GCSE (9-1) English Language [Paper 2]: J351/02 Exploring effects &
impact
Section B, 5. ‘Alone.’
Wed 8th June 2022
5. ALONE
[545 words: raw type up]
You always wondered what it would feel like to not be the third friend, the
leftover, the unwanted yet previously unacknowledged strings attached. It
was impossible for you to escape that thread of thought, especially at the
sleepovers you somehow found yourself in, always in attendance but
never really there.
“Like a ghost,” they whispered theatrically, as if you wouldn’t, couldn’t
and certainly shouldn’t ever hear. That hurt didn’t it? Oh yes, almost as
much as the “I’m not free this weekend” followed by countless, careless
party paraphernalia circulated by the whole world that seemed to revolve
around, but always avoiding direct contact with your head.
Your body, your neck, that you couldn’t care about quite so much.

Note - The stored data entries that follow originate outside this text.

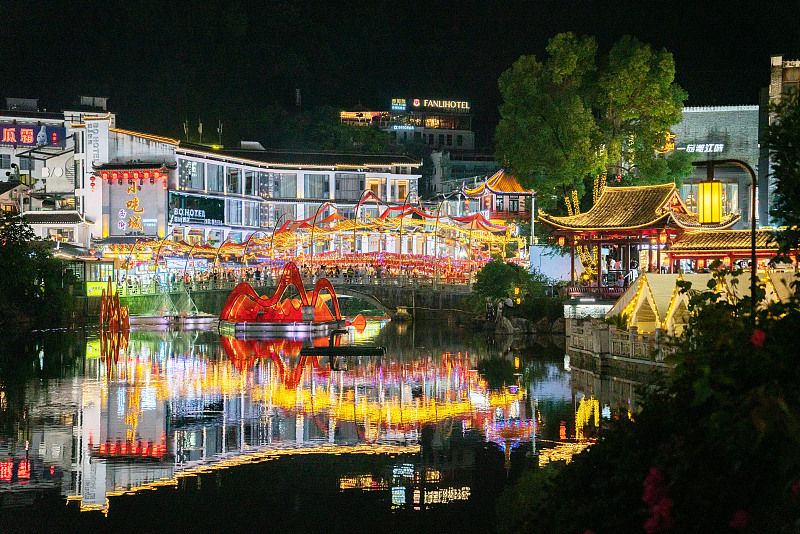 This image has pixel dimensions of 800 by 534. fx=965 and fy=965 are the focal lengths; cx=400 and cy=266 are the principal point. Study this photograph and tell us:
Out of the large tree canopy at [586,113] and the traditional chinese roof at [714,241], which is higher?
the large tree canopy at [586,113]

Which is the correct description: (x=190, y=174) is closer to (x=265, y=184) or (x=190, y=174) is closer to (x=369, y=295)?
(x=265, y=184)

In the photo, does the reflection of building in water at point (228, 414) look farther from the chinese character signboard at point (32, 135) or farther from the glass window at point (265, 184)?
the chinese character signboard at point (32, 135)

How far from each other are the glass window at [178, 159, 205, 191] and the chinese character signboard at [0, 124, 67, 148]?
12.1 metres

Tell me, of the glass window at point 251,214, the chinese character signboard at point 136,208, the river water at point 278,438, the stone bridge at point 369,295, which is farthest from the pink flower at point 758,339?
the glass window at point 251,214

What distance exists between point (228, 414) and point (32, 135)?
6019 centimetres

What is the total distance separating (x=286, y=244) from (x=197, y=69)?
37.6 metres

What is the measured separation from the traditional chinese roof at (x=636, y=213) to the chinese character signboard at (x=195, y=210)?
112 ft

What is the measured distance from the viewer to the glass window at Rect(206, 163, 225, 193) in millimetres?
73312

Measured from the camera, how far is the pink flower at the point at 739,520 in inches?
295

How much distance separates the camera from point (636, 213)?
4216 cm

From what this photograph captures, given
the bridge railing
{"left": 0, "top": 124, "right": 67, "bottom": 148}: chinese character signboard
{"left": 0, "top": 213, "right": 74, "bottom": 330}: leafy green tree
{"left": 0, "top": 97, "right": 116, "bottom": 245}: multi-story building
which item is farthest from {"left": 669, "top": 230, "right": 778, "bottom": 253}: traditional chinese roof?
{"left": 0, "top": 124, "right": 67, "bottom": 148}: chinese character signboard

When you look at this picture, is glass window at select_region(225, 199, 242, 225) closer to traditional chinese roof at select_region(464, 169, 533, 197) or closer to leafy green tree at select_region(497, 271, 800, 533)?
traditional chinese roof at select_region(464, 169, 533, 197)

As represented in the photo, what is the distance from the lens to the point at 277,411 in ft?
72.8

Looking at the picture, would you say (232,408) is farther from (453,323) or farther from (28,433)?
(453,323) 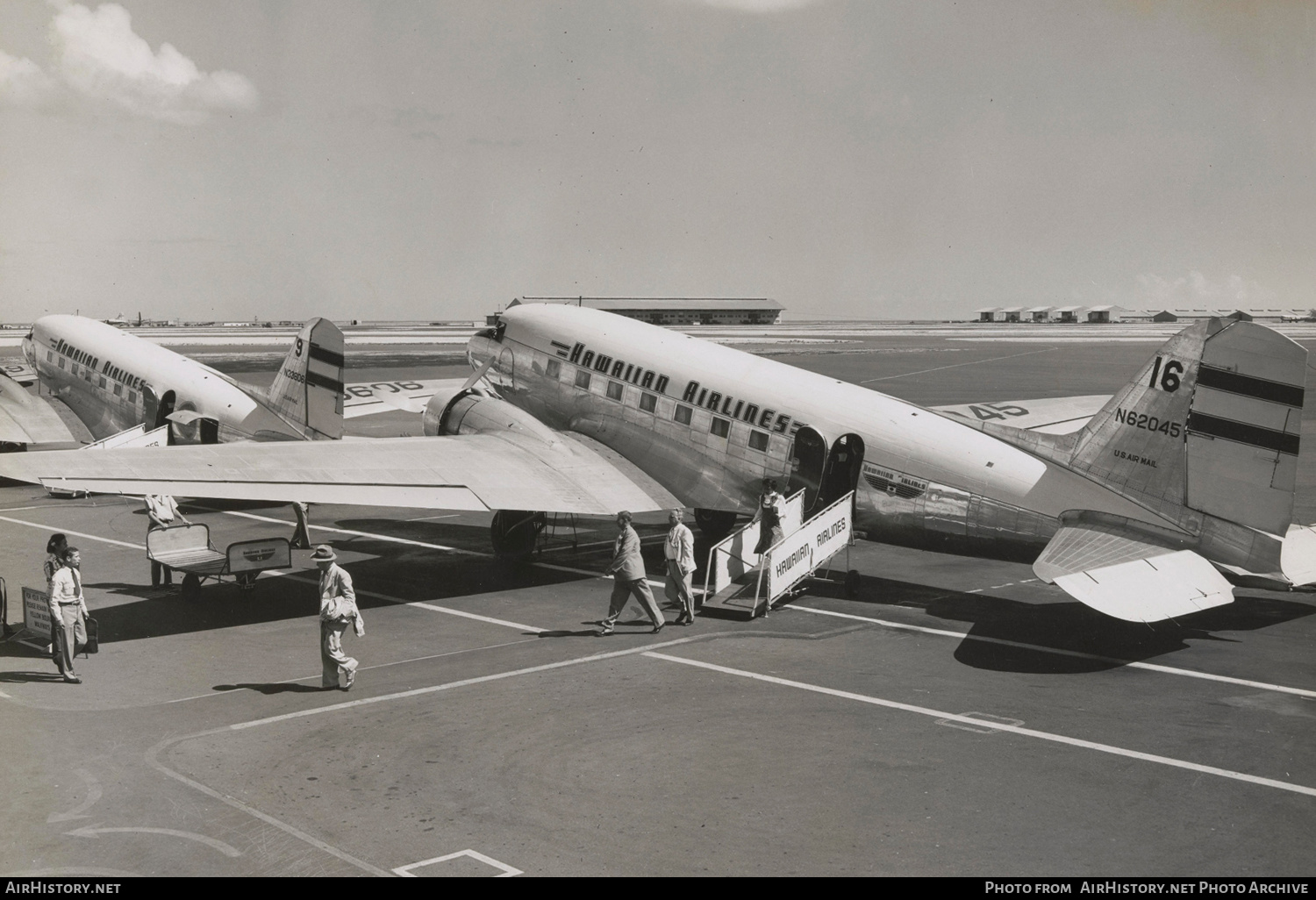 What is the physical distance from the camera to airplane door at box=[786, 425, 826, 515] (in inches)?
847

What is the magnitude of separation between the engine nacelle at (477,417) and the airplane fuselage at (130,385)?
17.6 feet

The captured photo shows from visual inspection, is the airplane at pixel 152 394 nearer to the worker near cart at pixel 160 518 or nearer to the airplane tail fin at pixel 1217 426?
the worker near cart at pixel 160 518

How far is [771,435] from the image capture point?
22344mm

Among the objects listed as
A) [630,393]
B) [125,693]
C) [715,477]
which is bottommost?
[125,693]

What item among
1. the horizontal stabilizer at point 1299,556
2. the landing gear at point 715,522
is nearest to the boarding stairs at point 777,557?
the landing gear at point 715,522

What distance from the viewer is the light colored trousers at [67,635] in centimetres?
1534

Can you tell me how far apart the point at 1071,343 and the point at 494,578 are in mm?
99463

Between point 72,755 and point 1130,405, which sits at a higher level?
point 1130,405

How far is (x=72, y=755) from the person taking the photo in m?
12.6

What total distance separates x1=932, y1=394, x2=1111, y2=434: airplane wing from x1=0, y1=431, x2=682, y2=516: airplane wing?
9.39 m

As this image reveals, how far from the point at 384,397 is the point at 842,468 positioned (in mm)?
20348

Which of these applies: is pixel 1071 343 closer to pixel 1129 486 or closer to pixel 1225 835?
pixel 1129 486

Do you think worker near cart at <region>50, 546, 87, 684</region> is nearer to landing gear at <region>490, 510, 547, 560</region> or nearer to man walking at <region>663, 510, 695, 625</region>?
man walking at <region>663, 510, 695, 625</region> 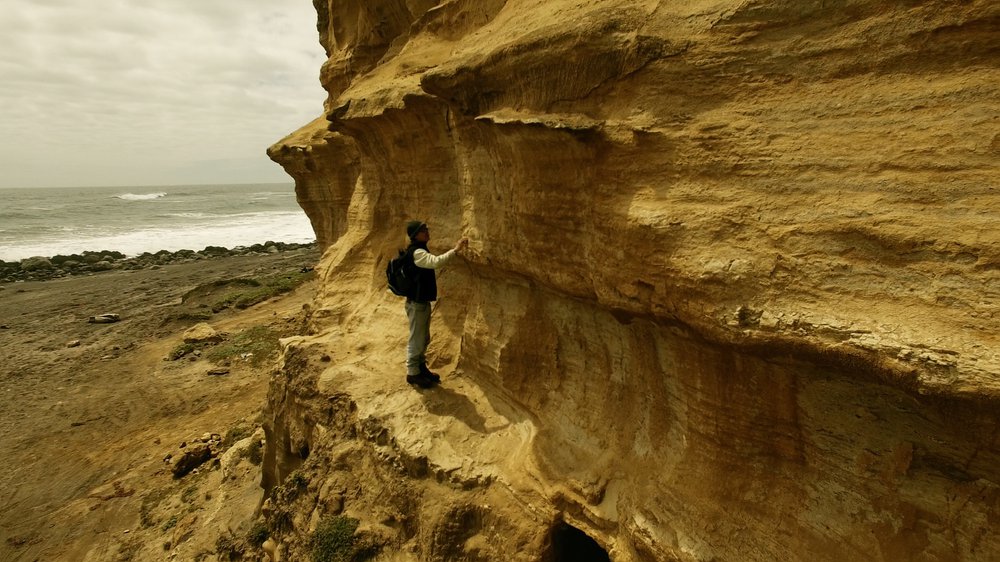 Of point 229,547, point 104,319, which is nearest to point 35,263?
point 104,319

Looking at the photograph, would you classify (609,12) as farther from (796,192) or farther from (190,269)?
(190,269)

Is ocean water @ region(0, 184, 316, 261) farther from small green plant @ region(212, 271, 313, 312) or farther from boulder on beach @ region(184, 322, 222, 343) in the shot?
boulder on beach @ region(184, 322, 222, 343)

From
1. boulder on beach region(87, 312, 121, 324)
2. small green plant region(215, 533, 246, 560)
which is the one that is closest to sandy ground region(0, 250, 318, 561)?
boulder on beach region(87, 312, 121, 324)

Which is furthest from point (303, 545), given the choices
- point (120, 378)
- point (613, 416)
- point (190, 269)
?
point (190, 269)

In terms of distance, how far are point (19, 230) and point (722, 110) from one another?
237 ft

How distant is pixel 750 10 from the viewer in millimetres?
3713

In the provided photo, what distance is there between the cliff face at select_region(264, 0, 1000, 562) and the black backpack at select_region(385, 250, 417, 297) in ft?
2.57

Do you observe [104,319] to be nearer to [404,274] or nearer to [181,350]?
[181,350]

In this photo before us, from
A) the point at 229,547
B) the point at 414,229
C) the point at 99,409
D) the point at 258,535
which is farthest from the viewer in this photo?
the point at 99,409

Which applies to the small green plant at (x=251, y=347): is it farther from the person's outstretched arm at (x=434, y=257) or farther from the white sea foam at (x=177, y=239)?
the white sea foam at (x=177, y=239)

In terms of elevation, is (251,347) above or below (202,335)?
above

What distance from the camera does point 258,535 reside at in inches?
293

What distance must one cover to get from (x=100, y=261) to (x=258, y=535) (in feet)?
132

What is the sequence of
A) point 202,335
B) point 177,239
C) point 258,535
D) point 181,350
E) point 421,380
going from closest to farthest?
point 421,380 < point 258,535 < point 181,350 < point 202,335 < point 177,239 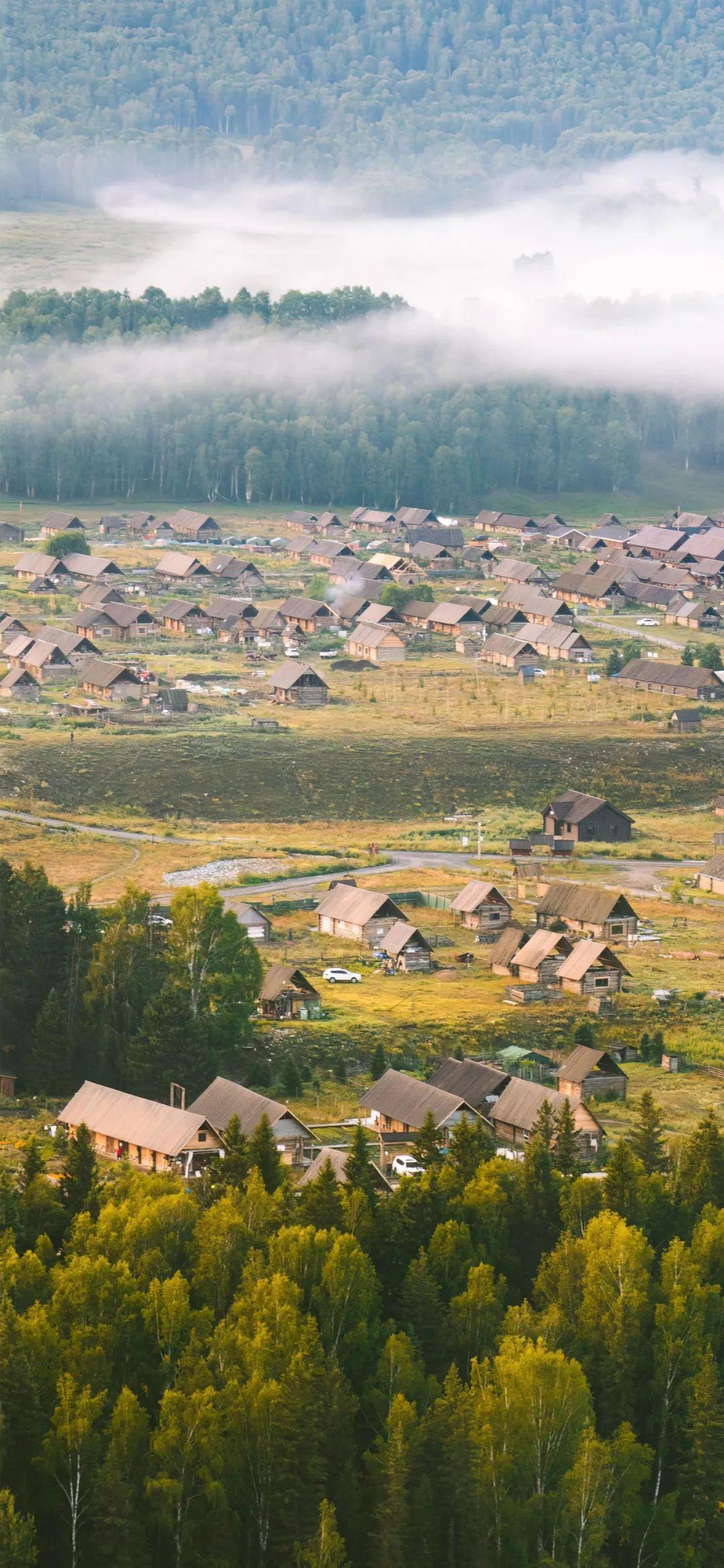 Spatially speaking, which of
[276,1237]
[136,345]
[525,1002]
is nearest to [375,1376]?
[276,1237]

“You sold yourself after *that* party – you know the one I’m talking
about,” I can clearly see reverberates rounds within that now drying
cavern that they call your skull. They don’t know that now; all they
remember is that one time you – no, I won’t bother writing it, because just
like you always knew in that cosy abyss of a mind, nobody cares. Past,
future and present, I would be the only exception to that. I’m immortal.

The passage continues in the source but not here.